# Almond-Pecan Rainbow Trout with Mandarin Orange Beurre Blanc



## Raine (Mar 12, 2005)

McGill's Restaurant Almond-Pecan Rainbow Trout with Mandarin Orange Beurre Blanc

Serves 2

2 rainbow trout (dressed)

For Breading 
1/2 cup all-purpose flour 
1 egg 
1/4 cup milk 
1/2 cup chopped pecans 
1/2 cup sliced almonds 
1/4 cup bread crumbs 
2 ounces olive oil

Sauce 
1/4 cup mandarin oranges 
1/2 teaspoon orange juice concentrate 
1 ounce Grand Marnier 
1/4 pound butter

Mix egg with milk, then in a separate bowl mix pecans, almonds, and bread crumbs.
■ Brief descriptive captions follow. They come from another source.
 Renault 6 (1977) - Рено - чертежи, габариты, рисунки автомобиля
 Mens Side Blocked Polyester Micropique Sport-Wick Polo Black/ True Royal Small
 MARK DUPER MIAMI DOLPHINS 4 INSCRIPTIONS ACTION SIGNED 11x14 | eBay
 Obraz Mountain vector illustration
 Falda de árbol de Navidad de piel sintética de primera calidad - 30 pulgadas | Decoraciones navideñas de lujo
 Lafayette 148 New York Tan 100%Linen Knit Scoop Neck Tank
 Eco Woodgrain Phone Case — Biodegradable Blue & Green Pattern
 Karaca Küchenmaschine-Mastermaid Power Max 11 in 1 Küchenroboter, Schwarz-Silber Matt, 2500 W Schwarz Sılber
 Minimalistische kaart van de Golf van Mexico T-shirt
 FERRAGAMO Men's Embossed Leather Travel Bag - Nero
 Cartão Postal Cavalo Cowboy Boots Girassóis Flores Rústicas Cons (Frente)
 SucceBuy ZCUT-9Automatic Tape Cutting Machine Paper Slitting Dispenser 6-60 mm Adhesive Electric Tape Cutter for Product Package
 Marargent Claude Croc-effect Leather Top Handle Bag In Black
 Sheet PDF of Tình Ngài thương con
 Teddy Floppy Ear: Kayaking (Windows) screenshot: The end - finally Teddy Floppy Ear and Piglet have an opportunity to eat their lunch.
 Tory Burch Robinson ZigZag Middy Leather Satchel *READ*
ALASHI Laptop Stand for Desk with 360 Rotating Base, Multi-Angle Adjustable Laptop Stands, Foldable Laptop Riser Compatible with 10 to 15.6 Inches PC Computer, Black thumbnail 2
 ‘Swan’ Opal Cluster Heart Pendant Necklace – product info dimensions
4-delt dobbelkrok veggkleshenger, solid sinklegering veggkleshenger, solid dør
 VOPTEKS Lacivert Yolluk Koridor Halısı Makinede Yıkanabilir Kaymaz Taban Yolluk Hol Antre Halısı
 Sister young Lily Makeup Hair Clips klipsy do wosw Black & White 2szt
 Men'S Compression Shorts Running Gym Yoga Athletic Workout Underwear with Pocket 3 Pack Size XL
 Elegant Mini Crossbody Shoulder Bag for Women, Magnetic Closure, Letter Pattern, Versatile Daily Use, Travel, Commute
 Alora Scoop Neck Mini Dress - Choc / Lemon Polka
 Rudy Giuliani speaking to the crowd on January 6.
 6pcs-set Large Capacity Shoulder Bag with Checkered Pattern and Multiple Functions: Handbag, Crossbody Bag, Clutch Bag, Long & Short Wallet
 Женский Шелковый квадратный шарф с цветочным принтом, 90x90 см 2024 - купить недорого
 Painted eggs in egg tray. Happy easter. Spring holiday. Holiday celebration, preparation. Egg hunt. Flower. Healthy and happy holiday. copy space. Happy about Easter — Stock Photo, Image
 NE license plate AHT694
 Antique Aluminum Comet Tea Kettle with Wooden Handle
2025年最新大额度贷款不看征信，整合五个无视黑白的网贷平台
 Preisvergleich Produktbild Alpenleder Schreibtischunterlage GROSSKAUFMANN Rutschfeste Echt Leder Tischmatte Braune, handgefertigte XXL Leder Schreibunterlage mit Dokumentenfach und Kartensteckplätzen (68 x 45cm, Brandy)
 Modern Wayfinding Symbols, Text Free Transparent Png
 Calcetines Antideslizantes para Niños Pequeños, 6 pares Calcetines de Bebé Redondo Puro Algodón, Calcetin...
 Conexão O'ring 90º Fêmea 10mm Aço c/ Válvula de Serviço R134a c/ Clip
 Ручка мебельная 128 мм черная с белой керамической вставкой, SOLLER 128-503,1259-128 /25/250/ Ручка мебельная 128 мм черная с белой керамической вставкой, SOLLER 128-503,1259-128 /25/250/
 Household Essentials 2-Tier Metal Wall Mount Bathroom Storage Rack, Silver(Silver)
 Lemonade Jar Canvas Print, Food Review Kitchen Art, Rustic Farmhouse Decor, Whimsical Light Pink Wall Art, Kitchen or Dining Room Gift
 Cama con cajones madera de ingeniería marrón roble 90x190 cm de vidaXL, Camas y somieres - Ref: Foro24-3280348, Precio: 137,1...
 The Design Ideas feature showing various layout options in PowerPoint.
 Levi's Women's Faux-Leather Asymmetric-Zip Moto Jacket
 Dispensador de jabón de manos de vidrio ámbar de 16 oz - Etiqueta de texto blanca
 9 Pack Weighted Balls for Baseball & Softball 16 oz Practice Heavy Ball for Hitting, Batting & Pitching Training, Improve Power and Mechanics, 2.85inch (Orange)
Dredge each trout in flour the milk mixture, and then the pecan breading.

Heat a 12-inch skillet over medium high heat and heat olive oil then add trout and sauté for 2 to 3 minutes then turn and cook other side for 2 to 3 minutes then remove from pan and place on serving platter.

Drain off grease from pan and add Grand Marnier and flambé. Add orange juice concentrate, orange slices and heat until just boiling then add butter cubes a little at a time until incorporated then remove from heat and pour sauce over trout and serve.


----------